おちくぼの君は少将に見初められ結婚することになりますが、平安時代の正式な結婚は男が妻の屋敷に三日三晩訪れ、三日目に餅を食べるという儀式を行います[i]。しかし、おちくぼの君は親方の了解も得ずに結婚しているため、本来正妻の立場にはなり得ません。当時は一夫多妻制であるため、少将が他の身分の高い女性を正妻として迎えることも当時であれば当然の話ですが、少将はおちくぼの君を想うあまり他の妻を娶ることはせず、一夫一妻を貫きました。この点もこの物語の大きな特徴であるといえます。『落窪物語』は非常に当時の風俗を詳細に描いており、かなり女性の立場に寄り添った物語であると指摘されることもあります。

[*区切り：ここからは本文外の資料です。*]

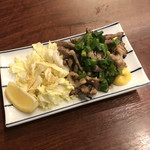 立ち呑み くにし - 牛ホルモン炒め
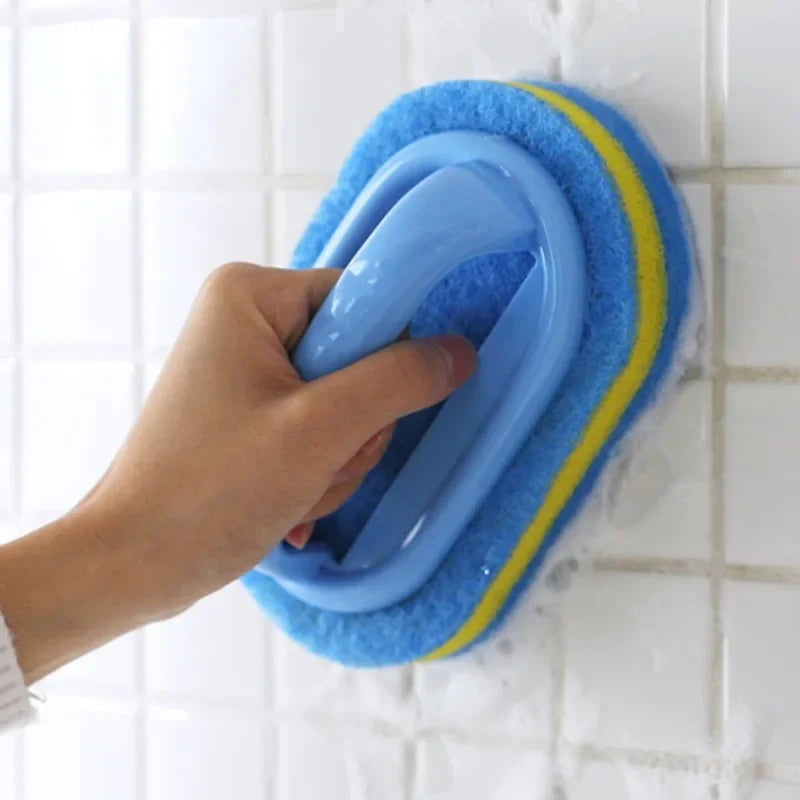 Escova para limpeza doméstica com alça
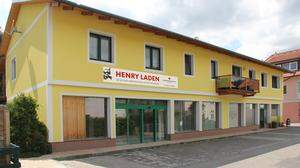 Henry Laden Althofen, Rotes Kreuz, Second Hand | Im Henry Laden in Althofen gibt es günstige Kleidungsstücke und andere Gegenstände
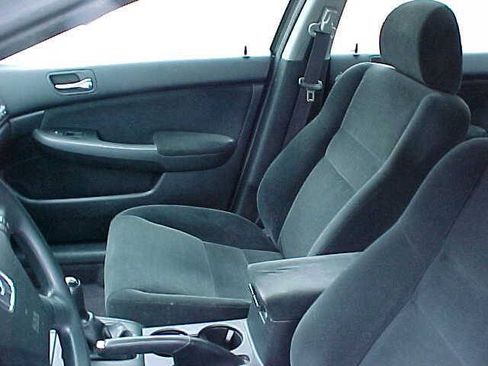Used 2006 Honda Accord VP image 21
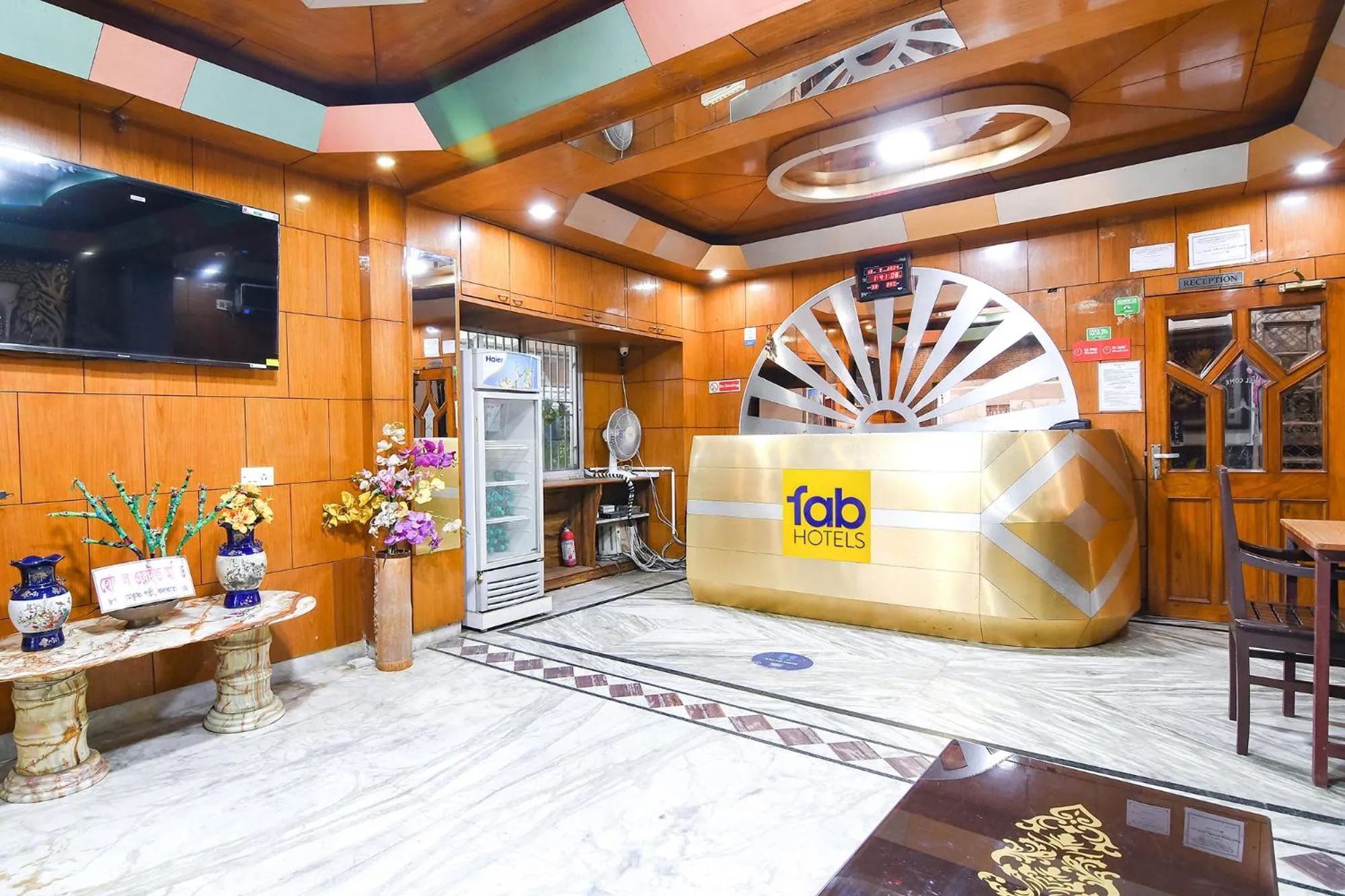 Lobby or reception in FabHotel Wild Orchid - 800m from Medica Superspecialty Hospital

先ほど述べた「結婚の儀式」の場面を本文を参照しながら詳しく紹介していきたいと思います。 ※本文は全て岩波文庫『落窪物語』より参照。
- 1日目
父中納言と継母、その子らが石山詣[ii]に出かけ、連れて行ってもらえないおちくぼの君を不便に思ったあこきは「にはかにけがれ侍ぬ」と月の障り(生理)を理由に残ります。そこへ突然の少将と帯刀がやってきておちくぼの君と契りを交わすことになります。しかし、おちくぼの君は突然のことに戸惑い泣いてしまいます。その理由は自分自身が「ひとへ衣[iii]はなし。はかま一つ着て、所どころあらはに身につきたる」姿であることを恥じているのです。そのような不憫でいじらしい姿にはじめは愛人程度の関係で通おうと思っていた少将が心を変え、おちくぼの君を妻に迎える気になったのです。 - 2日目
おちくぼの君にはあこきしか女房がいないため、あこきは一人で奔走し、結婚の儀を執り行います。叔母に手紙を送り調度品を揃え、みすぼらしい服しかなかったおちくぼの君の身なりを整えます。間一髪のところで支度が整い、少将と帯刀がやってきて無事に2日目も終えました。 - 3日目
その日は天候が悪く大雨が降っており、少将と帯刀はおちくぼの君とあこきのもとに行くことを躊躇っていましたが、おちくぼの君のことを想い、悪天候の中出かけることにしました。傘を持って忍んで行った少将と帯刀ですが、途中下級役人に怪しまれ止められてしまいます。しかし、「まうとの少盗人は足白くこそ侍らめ」(訳:本当に盗人であったらこのように足が白いわけがない)とやり過ごすことが出来ました。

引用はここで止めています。